═══ Records supplied ═══

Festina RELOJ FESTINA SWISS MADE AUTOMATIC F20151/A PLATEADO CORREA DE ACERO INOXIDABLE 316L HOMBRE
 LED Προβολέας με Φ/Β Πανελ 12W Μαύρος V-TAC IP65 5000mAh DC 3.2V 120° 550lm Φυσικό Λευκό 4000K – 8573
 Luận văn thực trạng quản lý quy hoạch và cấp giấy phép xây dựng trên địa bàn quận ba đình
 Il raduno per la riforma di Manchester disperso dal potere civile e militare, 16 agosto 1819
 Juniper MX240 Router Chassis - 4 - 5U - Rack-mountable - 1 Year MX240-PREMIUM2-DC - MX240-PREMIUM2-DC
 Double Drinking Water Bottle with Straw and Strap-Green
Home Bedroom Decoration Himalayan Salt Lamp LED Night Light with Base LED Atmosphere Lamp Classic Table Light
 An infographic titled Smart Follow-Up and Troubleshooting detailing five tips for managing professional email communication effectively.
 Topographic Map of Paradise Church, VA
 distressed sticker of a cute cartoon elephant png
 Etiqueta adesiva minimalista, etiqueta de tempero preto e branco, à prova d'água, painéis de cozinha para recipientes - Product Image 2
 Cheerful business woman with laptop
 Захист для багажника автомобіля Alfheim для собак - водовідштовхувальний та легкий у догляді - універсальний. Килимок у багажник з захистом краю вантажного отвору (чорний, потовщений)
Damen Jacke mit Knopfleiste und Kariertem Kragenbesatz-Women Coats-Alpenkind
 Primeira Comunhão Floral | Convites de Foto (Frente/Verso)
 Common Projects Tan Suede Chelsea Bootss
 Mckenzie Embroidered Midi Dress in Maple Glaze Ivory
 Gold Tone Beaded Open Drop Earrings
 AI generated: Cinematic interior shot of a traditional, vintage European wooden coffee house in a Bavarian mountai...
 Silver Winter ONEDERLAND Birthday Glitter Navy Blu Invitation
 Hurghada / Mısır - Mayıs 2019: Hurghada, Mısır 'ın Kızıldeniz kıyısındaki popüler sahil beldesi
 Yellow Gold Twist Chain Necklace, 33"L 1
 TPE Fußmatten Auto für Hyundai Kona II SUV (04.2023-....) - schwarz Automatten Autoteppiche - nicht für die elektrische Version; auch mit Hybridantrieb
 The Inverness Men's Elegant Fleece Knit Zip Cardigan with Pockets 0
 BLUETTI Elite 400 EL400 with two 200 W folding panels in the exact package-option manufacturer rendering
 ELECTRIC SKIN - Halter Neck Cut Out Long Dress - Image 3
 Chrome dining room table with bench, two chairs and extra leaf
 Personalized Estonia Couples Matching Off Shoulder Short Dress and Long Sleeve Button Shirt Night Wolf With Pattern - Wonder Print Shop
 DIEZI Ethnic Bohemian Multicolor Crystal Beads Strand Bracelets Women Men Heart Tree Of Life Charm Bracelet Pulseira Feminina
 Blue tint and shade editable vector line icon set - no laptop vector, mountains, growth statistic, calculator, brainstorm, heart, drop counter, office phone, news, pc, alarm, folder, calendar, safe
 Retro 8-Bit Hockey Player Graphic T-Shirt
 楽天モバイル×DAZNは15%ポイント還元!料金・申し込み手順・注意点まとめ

═══

-- What to produce --
Start at the first line of the entries above. Set down each line exactly through the one with "Double Drinking Water", and stop there.

-- Your solution --
Festina RELOJ FESTINA SWISS MADE AUTOMATIC F20151/A PLATEADO CORREA DE ACERO INOXIDABLE 316L HOMBRE
 LED Προβολέας με Φ/Β Πανελ 12W Μαύρος V-TAC IP65 5000mAh DC 3.2V 120° 550lm Φυσικό Λευκό 4000K – 8573
 Luận văn thực trạng quản lý quy hoạch và cấp giấy phép xây dựng trên địa bàn quận ba đình
 Il raduno per la riforma di Manchester disperso dal potere civile e militare, 16 agosto 1819
 Juniper MX240 Router Chassis - 4 - 5U - Rack-mountable - 1 Year MX240-PREMIUM2-DC - MX240-PREMIUM2-DC
 Double Drinking Water Bottle with Straw and Strap-Green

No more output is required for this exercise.